BAYSAL: DAYANIŞMA RUHUYLA SORUNLARA ÇÖZÜM BULUNUYOR
İlk olarak söz alan Makbule Efe Baysal, Fatsa hareketinin devrimci mirasından yola çıkarak halk dayanışmasının önemine vurgu yaptı. Baysal, 1970'lerden itibaren Karadeniz'de yükselen antifaşist mücadelenin, özellikle Fatsa'daki halk komiteleri ve doğrudan demokrasi örnekleriyle büyük bir değer taşıdığını ifade etti. Baysal, Fatsa'da ekonomik sömürüye karşı verilen mücadeleye ve halkın güvenini kazanan yöntemlere değindi. Fındık üreticilerinin sorunlarını gündeme getiren eylemlerden, halkın tüccarların baskısına karşı nasıl örgütlendiğini ve dayanışma ruhuyla sorunlara çözüm bulduğunu anlatan Baysal, Terzi Fikri liderliğinde oluşturulan doğrudan demokrasi modelinin bugün için de ilham verici olduğunu belirtti.

Kadın hakları mücadelesine de değinen Baysal, 12 Eylül darbesi sonrasında kadınların özel alan ve politik mücadele alanlarında görünür hale geldiğini vurguladı. Halkevleri'nin kuruluş sürecine katkılarından ve bu süreçte edindiği deneyimlerden bahseden Baysal, kolektif mücadele anlayışının kadınların güçlenmesindeki rolüne dikkat çekti. 

'KARADENİZ'İN DEVRİMCİ MİRASI DEVAM EDİYOR'
Baysal, "Karadeniz devrimci mücadelesine dair söz kurarken, Fatsa hareketi üzerinden başlamanın anlamlı olduğunu düşünüyorum.
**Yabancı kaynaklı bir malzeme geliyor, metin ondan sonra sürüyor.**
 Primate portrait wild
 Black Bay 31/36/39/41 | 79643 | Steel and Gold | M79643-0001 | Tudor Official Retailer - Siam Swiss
Devlet destekli faşist çetelerin zulmüne karşı direniş, emek ve gençlik mücadelelerinin harmanlandığı bir dönemdi. Özellikle 1977'lerde bu mücadele daha da güçlendi. Halkın güvenini kazanan direniş komiteleriyle birlikte ekonomik sömürüye ve karaborsaya karşı büyük mücadeleler verildi. Fatsa'da devrimci-demokratik yönetim anlayışı halkın katılımıyla doğrudan demokrasiyi hayata geçirdi. Fikri Sönmez liderliğinde şekillenen bu hareket, sosyalist yönetim anlayışının yerelde nasıl uygulanabileceğine dair örnek teşkil etti. 12 Eylül 1980 sonrası faşizmin ağır baskıları, Karadeniz'in devrimci mirasına yönelik büyük bir darbe oldu. Ancak, bu baskılar halkın onurlu direnişini bastıramadı. Günümüzde Karadeniz'in devrimci mirasını kadın hareketleri, ekoloji mücadeleleri ve kültürel dayanışma çabalarıyla sürdürmeye devam ediyoruz. Bu dayanışmanın, bugünün mücadelesine de ışık tutacağını düşünüyorum" dedi. 
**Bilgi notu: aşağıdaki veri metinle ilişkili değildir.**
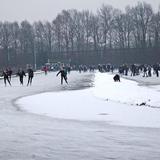IMG_8733.jpg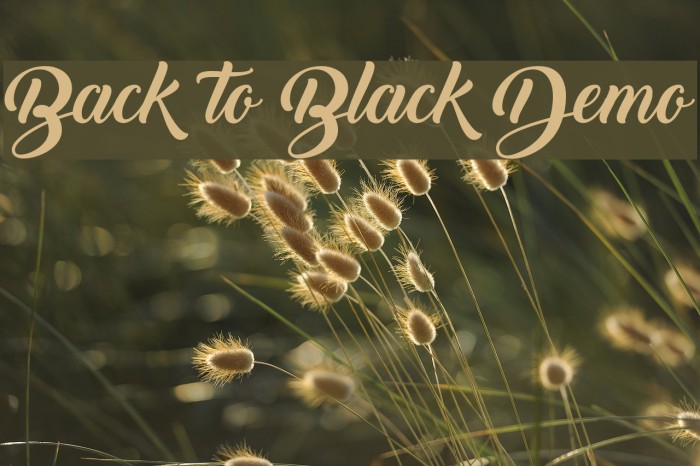 Back to Black Demo Font examples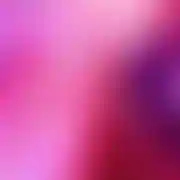 Powerdick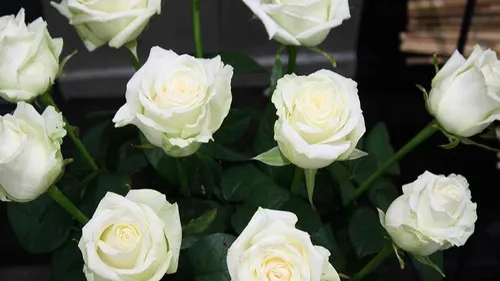 Féminicide à Saint-Ciers-d'Abzac : une marche blanche organisée...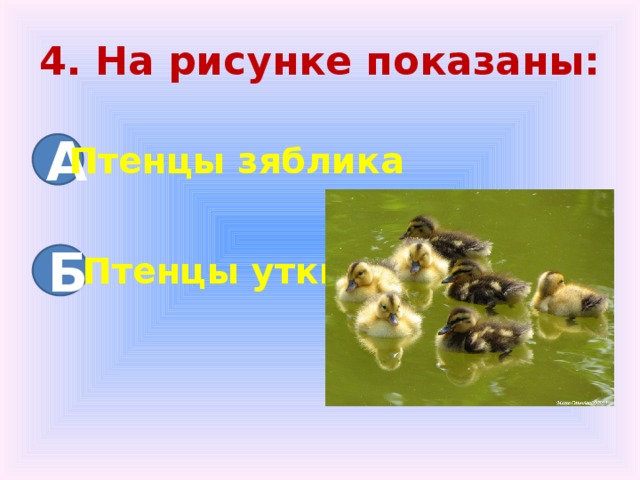 4. На рисунке показаны: А Птенцы зяблика Б Птенцы утки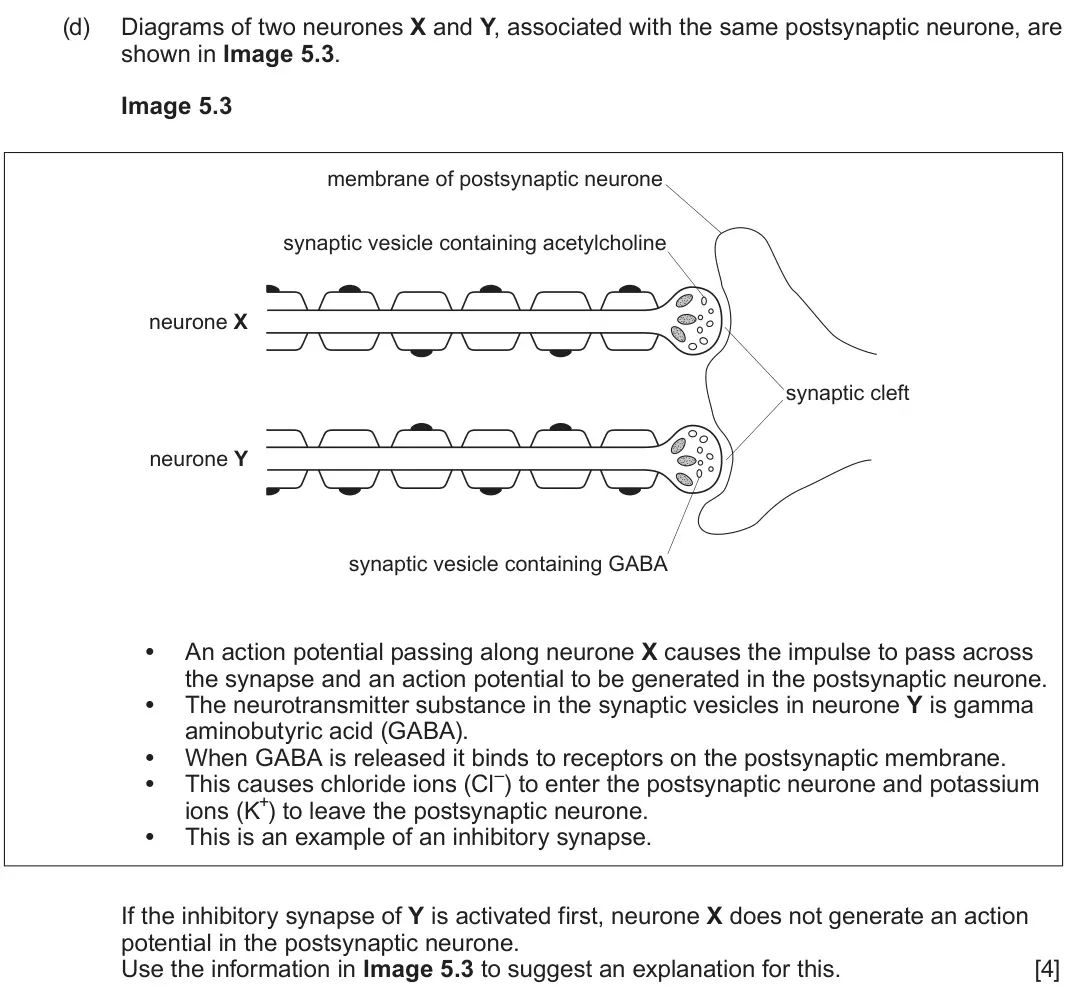 June 2023 Component 3, question 5(d): Diagrams of two neurones X and Y, associated with the same postsynaptic neurone, are shown in Image 5.3. Image 5.3 membrane of postsynaptic neurone synaptic ves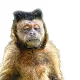Real Apes not Kidding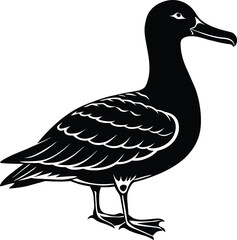 illustration of a duck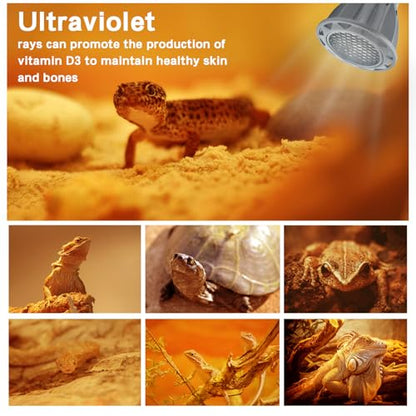 GARTO UVB Light for Reptiles, for E26, E27 Reptile Heat Lamp, Full Spectrum LED Light,UVA Daylight Basking Light for Dragon, 2urtle, Lizard, Gecko, Lizard (UVB-10.0)
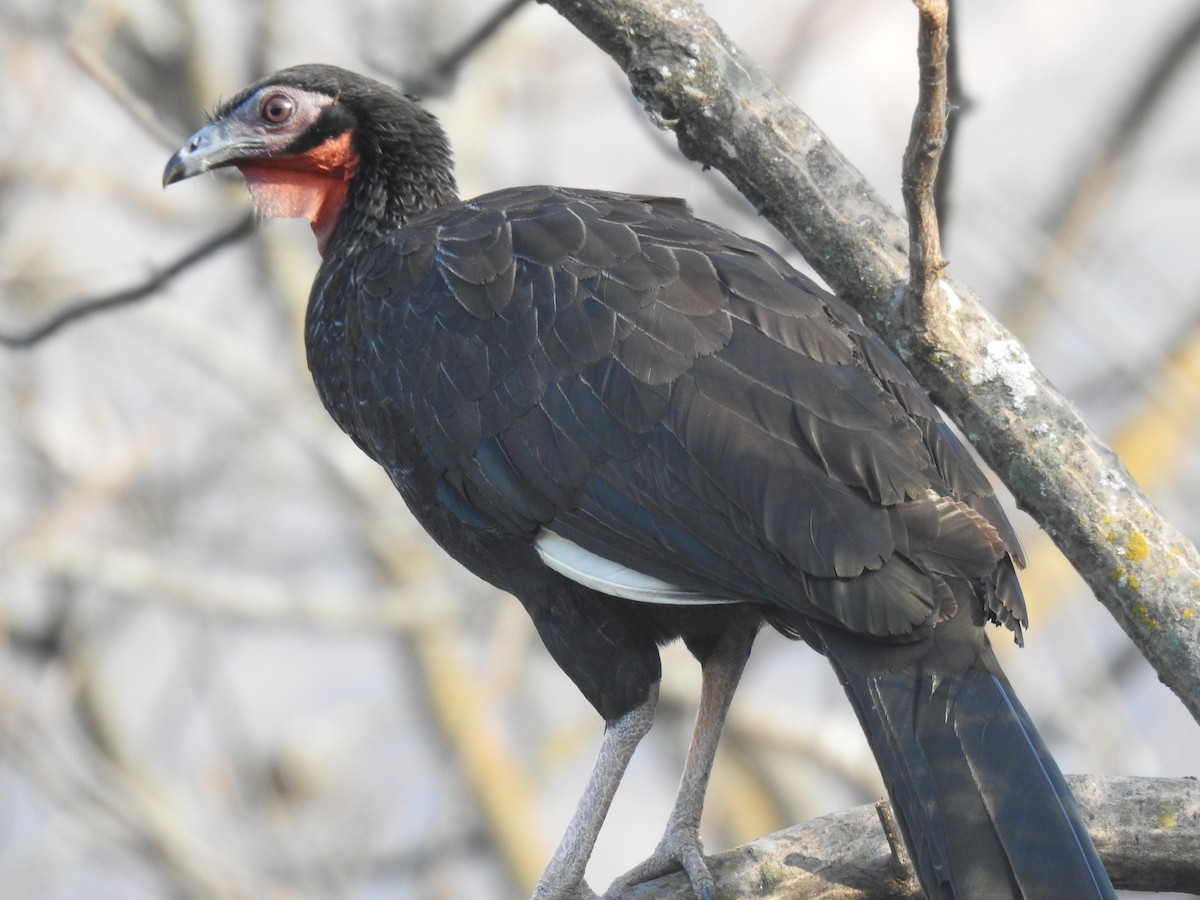 Weißschwingenguan - ML641113801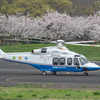 ２０２４年　４月　８日（月）　桜が満開になった調布飛行場でＪＡ２３９Ａが飛びそうで飛ばなかったのでずっこけた話（イヤ飛んだんだけどさ）　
ÇEPNİ: SOSYALİST HAREKET CİDDİ BİR ABLUKAYA ALINDI
ESP Eş Genel Başkanı Murat Çepni de Karadeniz'in devrimci geçmişine ve sosyalist mücadelenin bölgedeki önemine vurgu yaptı. Çepni, Karadeniz'in tarihsel olarak devrimci birikim barındırdığını, ancak 1980 askeri faşist darbesiyle bölgede sosyalist hareketin ciddi bir abluka altına alındığını hatırlattı. Çepni, fındık ve çay üreticilerinin uluslararası tekellere bağımlı hale getirilmesi, doğanın talan edilmesi ve bölgede yaşayan halkın göçe zorlanması konuları üzerinde durdu. Bölgedeki milliyetçi ve ırkçı politikaların etkilerinden bahseden Çepni, Kürt sorununun demokratik ve barışçıl bir şekilde çözülmesi için Karadeniz halkıyla dayanışmanın artırılması gerektiğini vurguladı. Çepni, "Karadeniz'deki emekçilerin ekonomik ve sosyal sorunlarının çözümü, bu politikaların sorumluluğunu doğru şekilde anlatmakla mümkündür" dedi.

'KARADENİZ'DE DİRENİŞ HİÇBİR ZAMAN YOK OLMADI'
"Bu coğrafyanın devrimci tarihine sahip çıkmak ve bu mirası geleceğe taşımak hepimizin görevi" diyen Çepni, Karadeniz'in sosyalistlerden arındırılmak ve faşizmin lojistik merkezi haline getirilmek istendiğini kaydetti. Çepni, "İktisadi politikalarla tarım, doğa ve kültür alanları tahrip edildi. Çay ve fındık gibi bölgeye özgü ürünler uluslararası tekellere peşkeş çekildi. Yaylalar, betonlaşma ve turizm projeleriyle yağmalandı. Ancak tüm bu saldırılara rağmen, Karadeniz'de direniş hiçbir zaman yok olmadı. Altın madenciliği, ekolojik yıkımın son örneklerinden biri olarak karşımıza çıkıyor. Bu konuda, Karadeniz genelini kapsayan ortak bir toplantı ya da çalıştay düzenlemenin gerekli olduğunu düşünüyorum. Bunun yanı sıra, ırkçılık ve milliyetçilik politikalarına karşı daha güçlü bir mücadele yürütmek zorundayız. Karadeniz halkına, çayın ve fındığın yok oluşunun, tarımın bitişinin sorumlularını açıkça anlatmalıyız. Onurlu ve demokratik bir barış sürecine en çok ihtiyaç duyan bölgelerden biri Karadeniz'dir. Bu coğrafyanın zengin devrimci mirasını, geleceğin sosyalist mücadelesine taşımak bizlerin sorumluluğudur" ifadelerini kullandı.